PPS corresponds to a sequence of an image or a number of images, whose parameters such as identifier pic_parameter_set_id, optional seq_parameter_set_id, Entropy coding mode selection of identification, chip groups, The initial quantization parameters and the de-block filter coefficients are adjusted to identify and so on.
Nalu Type
Identifies the RBSP data type in the Nal cell, wherein the NAL unit Nal_unit_type is 1, 2, 3, 4, 5, and 12 is called a vcl nal unit, and other types of nal units are non-VCL nal units.
0: Not Specified
1: Fragments that do not use data partitioning in non-IDR images
2: Segment A in non-IDR images
3: Division of Class B data in non-IDR images
4: Division of Class C data in non-IDR images
Fragments of the 5:IDR image
6: Supplemental Enhancement Information (SEI)
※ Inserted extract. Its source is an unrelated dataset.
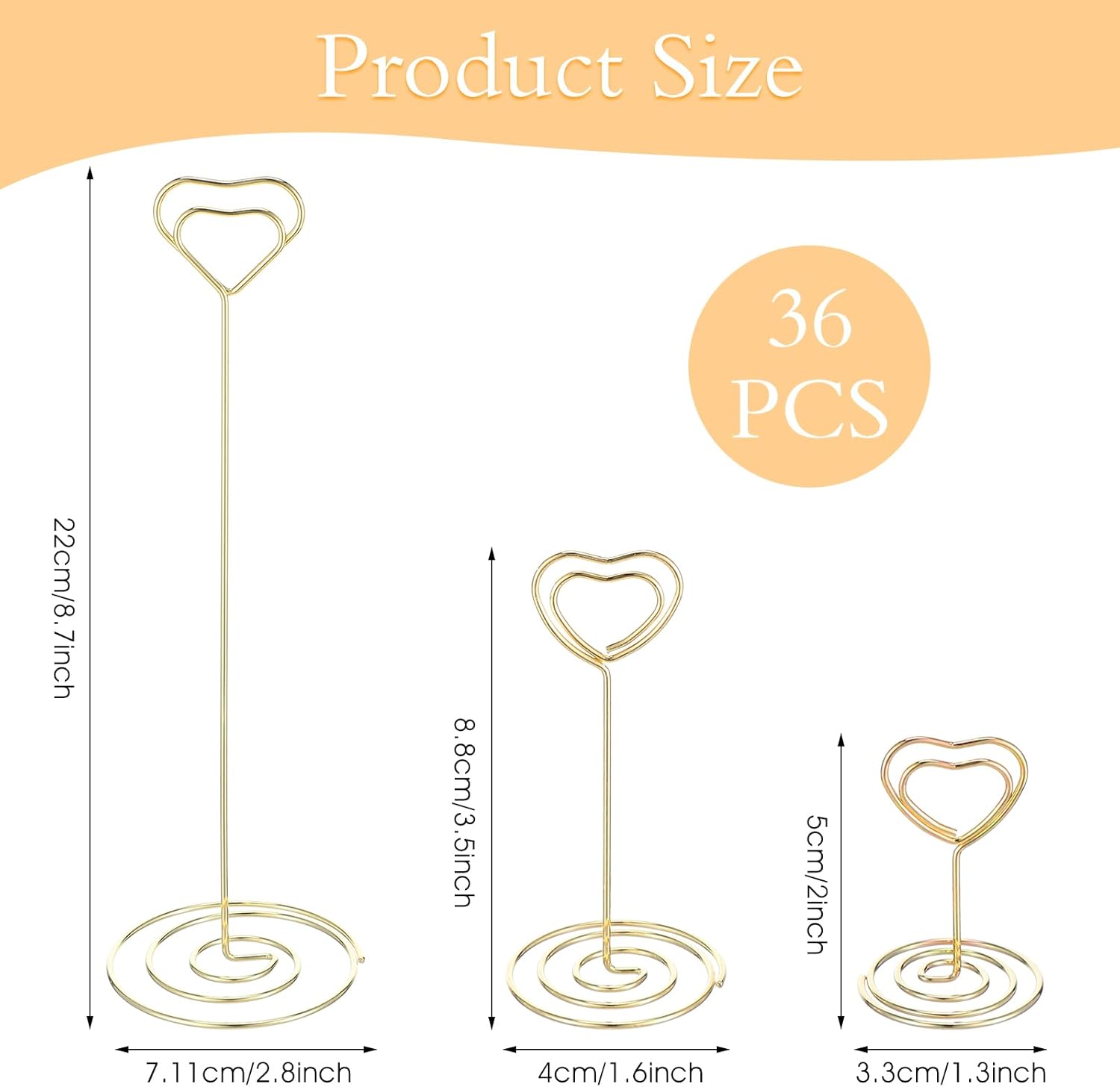 MAQUITA 36pcs Rose Gold Place Card Holder for Weddings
7: Set of sequence parameters
8: Set of image parameters
9: Separator
10: Sequence Terminator
11: Stream Terminator
12: Populating data
13–23: Reserved
24–31: Not Specified
2. Code Flow structure diagramThrough the relevant knowledge of the review, summed upthe code flow structure of H. [2]1:
| Figure 1 The code flow structure of H. |
Application of 3-H code stream analysisIn some cases, information such as the width of the image and the height of the image can be obtained directly from a stream of H. The following is a description of how to obtain relevant information: Image information is stored in the Network extraction layer (NAL) of the RBSP structure, to obtain information about the image, we need to obtain the relevant bits of the image. According to the RBSP structure, to obtain the PIC_WIDTH_IN_MBS_MINUS1 and Pic_height_in_map_units_minus1 two values, then the width is (pic_width_in_mbs_minus1+1) *16, the height is ( pic_height_in_map_units_minus1+1) *16, but some cases have to consider the value of nnum_ref_frames, typically 1.
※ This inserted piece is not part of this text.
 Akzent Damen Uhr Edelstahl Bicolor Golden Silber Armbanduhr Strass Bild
3.1 Obtaining test data Device: Sunnic (IP Cam) Name: St100factoryfirmware version: P8B8 video format: H. 1 The device resolution is set to 176*144, a set of data is captured using the ethereal and other grab tools, and after the corresponding RTP header is removed, This data is 0x00,0x00,0x00,0x01,0x67,0x42,0x00,0x1e,0x99,0xa0,0xb1,0x31. (2) The device resolution is set to 720*240, using the ethereal and other grasping kit tool to grasp a set of data, and remove the corresponding RTP header, the data is 0x00,0x00,0x00,0x01,0x67,0x42,0xe0,0x1e,0xda,0x82, 0xd1,0xf1. (3) The device resolution is set to 720*480, using the ethereal and other grasping kit tool to grasp a set of data, and remove the corresponding RTP header, the data is 0x00,0x00,0x00,0x01,0x67,0x42,0xe0,0x1e,0xdb,0x82, 0xd1,0xf1.
The code flow and frame structure of H.